According to Wikipedia, "Neoclassical economics dominates microeconomics, and together with Keynesian economics forms the neoclassical synthesis, which dominates mainstream economics today." At Scientific American, Robert Nadeau argues that neoclassical economists have no clothes.

[[Neoclassical economics] can no longer be regarded as useful even in pragmatic or utilitarian terms because it fails to meet what must now be viewed as a fundamental requirement of any economic theory—the extent to which this theory allows economic activities to be coordinated in environmentally responsible ways on a worldwide scale. Because neoclassical economics does not even acknowledge the costs of environmental problems and the limits to economic growth, it constitutes one of the greatest barriers to combating climate change and other threats to the planet.

What are the false assumptions of this still widely cherished model?

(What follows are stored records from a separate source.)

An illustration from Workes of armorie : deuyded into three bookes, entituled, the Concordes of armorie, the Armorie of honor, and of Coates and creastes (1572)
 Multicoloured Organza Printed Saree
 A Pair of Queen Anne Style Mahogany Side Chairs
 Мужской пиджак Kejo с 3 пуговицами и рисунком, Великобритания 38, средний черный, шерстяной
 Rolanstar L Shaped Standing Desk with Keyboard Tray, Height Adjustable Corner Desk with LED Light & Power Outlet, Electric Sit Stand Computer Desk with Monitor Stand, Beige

Nadeau lists them:
* The market system is a closed circular flow between production and consumption, with no inlets or outlets. * Natural resources exist in a domain that is separate and distinct from a closed market system, and the economic value of these resources can be determined only by the dynamics that operate within this system. * The costs of damage to the external natural environment by economic activities must be treated as costs that lie outside the closed market system or as costs that cannot be included in the pricing mechanisms that operate within the system. * The external resources of nature are largely inexhaustible, and those that are not can be replaced by other resources or by technologies that minimize the use of the exhaustible resources or that rely on other resources. * There are no biophysical limits to the growth of market systems.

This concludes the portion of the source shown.